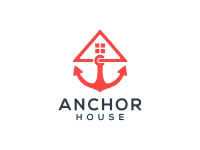 Anchor house inc.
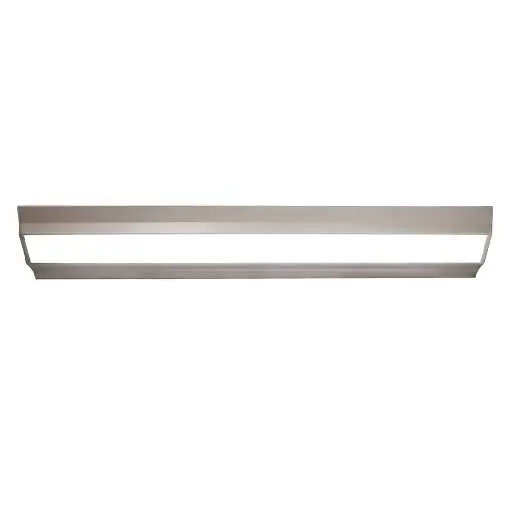 [LAMP-638-32W-CW] LAMPARA TIPO TUBO TECHO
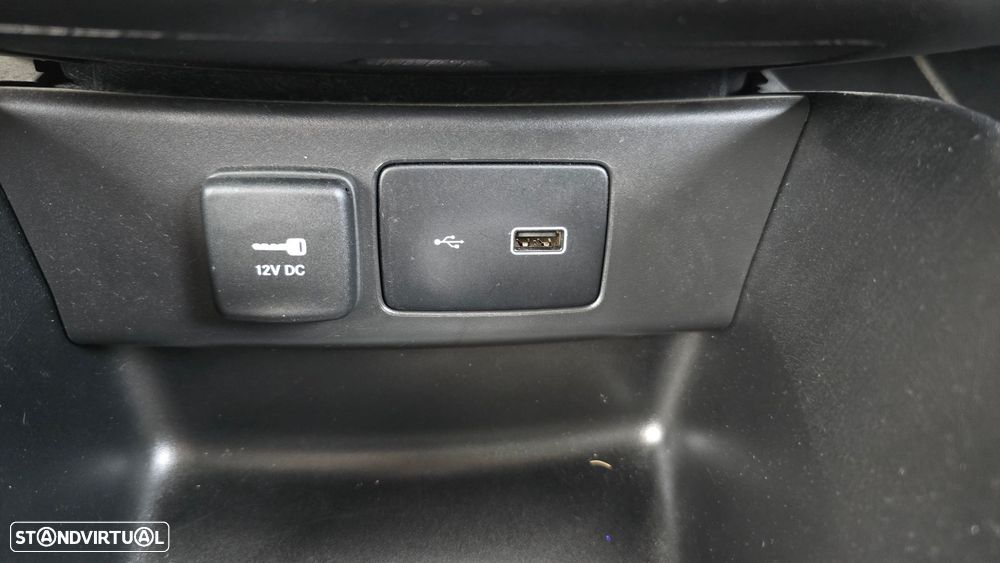 Fiat Tipo Station Wagon 1.3 Multijet City Life - 25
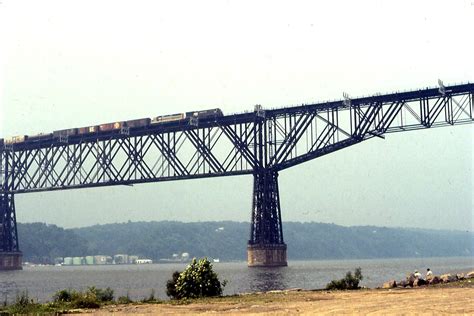 Cora Sowa's Right-of-Way: Railroad History of Cora Angier Sowa ...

| What you have to do |
Find the line with "Fiat Tipo Station". Reproduce it and every line after it through the last line above exactly, leaving out the pictures.

| Output for this task |
 Fiat Tipo Station Wagon 1.3 Multijet City Life - 25
 Cora Sowa's Right-of-Way: Railroad History of Cora Angier Sowa ...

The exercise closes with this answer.